Yargıtay Hukuk Genel Kurul Kararı

Haksız el atmanın dışında kalan ancak buna bağlı olarak istenebilen ecrimisil veya diğer tazminat talepleri sulh hukuk mahkemesinden istenebilir.

Haksız el atmanın dışında kalan ancak buna bağlı olarak istenebilen ecrimisil veya diğer tazminat talepleri sulh hukuk mahkemesinden istenebilir.

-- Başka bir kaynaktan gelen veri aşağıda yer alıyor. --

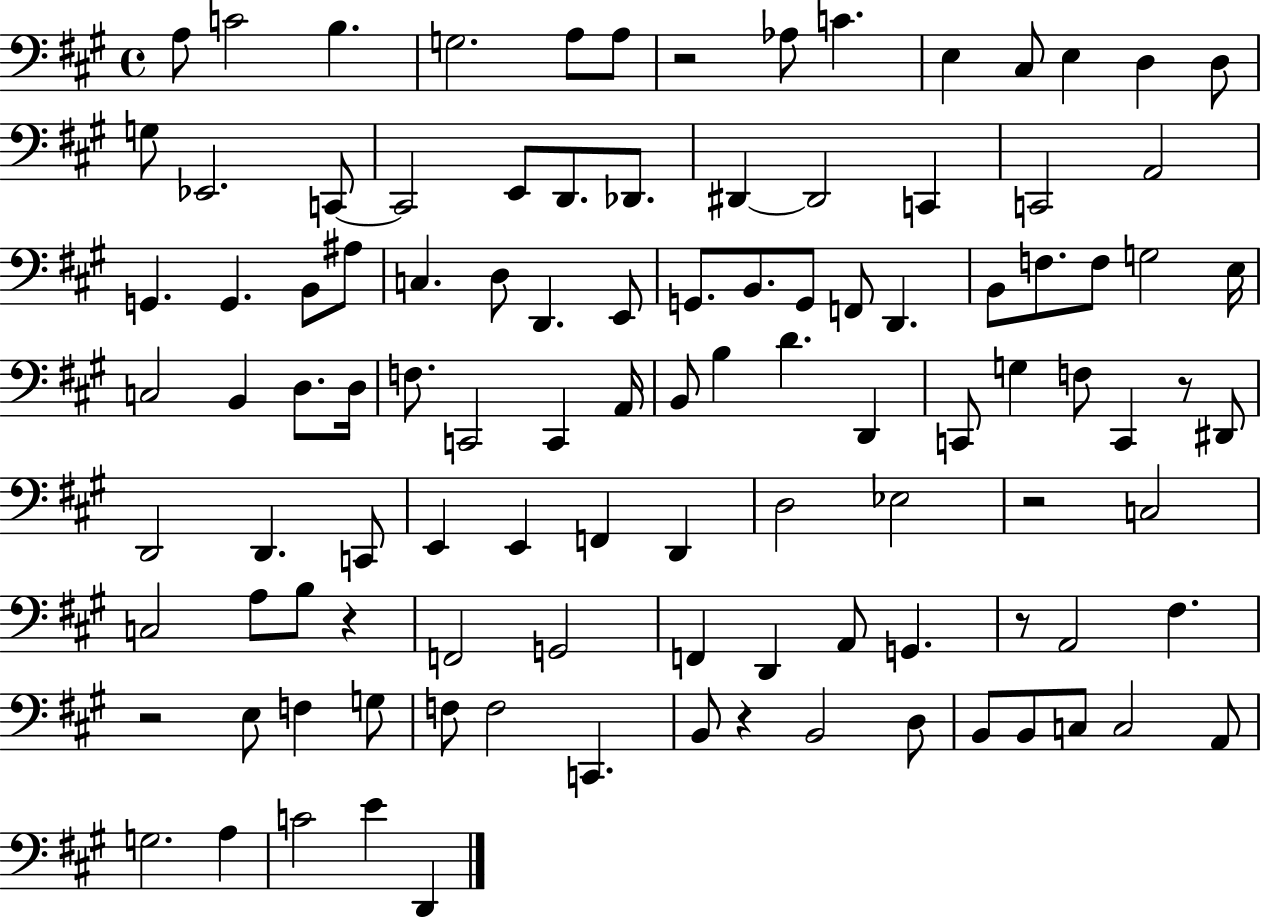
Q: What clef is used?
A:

Hukuk Genel Kurulu         2017/1275 E.  ,  2019/752 K.

“İçtihat Metni”

MAHKEMESİ :Sulh Hukuk Mahkemesi

Taraflar arasındaki “ecrimisil” davasından dolayı yapılan yargılama sonunda; Ankara 5. Sulh Hukuk Mahkemesince davanın kabulüne dair verilen 17.09.2013 tarih ve 2013/175 E., 2013/1069 K. sayılı kararın davacı vekili tarafından temyizi üzerine, Yargıtay 1. Hukuk Dairesinin 14.10.2014 tarih ve 2014/11640 E., 2014/15641 K. sayılı ilamı ile:
“…Dava, ecrimisil isteğine ilişkindir.
Mahkemece, davanın kabulüne karar verilmiştir.
Bilindiği üzere; görev kamu düzenine ilişkin olup, yargılamanın her aşamasında re’sen göz önünde tutulması gereken bir usül kuralıdır. Öte yandan 6100 sayılı Hukuk Muhakemeleri Kanunu’nun 2/1. maddesi “Dava konusunun değer ve miktarına bakılmaksızın malvarlığı haklarına ilişkin davalarda, şahıs varlığına ilişkin davalarda görevli mahkeme, aksine bir düzenleme bulunmadıkça asliye hukuk mahkemesidir.” düzenlemesini içermektedir.
Dava dilekçesinin içeriğinden ve iddianın ileri sürülüş biçiminden, davacı yöneticinin kat maliki olmayan davalı şirkete, apartman ortak alanına el atması nedeniyle haksız kullanım tazminatı istediği anlaşılmaktadır.
Bu durumda davanın 634 sayılı Kat Mülkiyeti Kanununa göre değil genel hükümlere göre çözümlenmesi gerektiği dolayısıyla davanın HMK’nın 2. maddesi kapsamında kaldığı, görevli mahkemenin ise asliye hukuk mahkemesi olduğu tartışmasızdır.
Hal böyle olunca, görevsizlik kararı verilmesi gerekirken, işin esası yönünden karar verilmiş olması doğru değildir…”
gerekçesi ile bozularak dosya yerine geri çevrilmekle, yeniden yapılan yargılama sonunda mahkemece önceki kararda direnilmiştir.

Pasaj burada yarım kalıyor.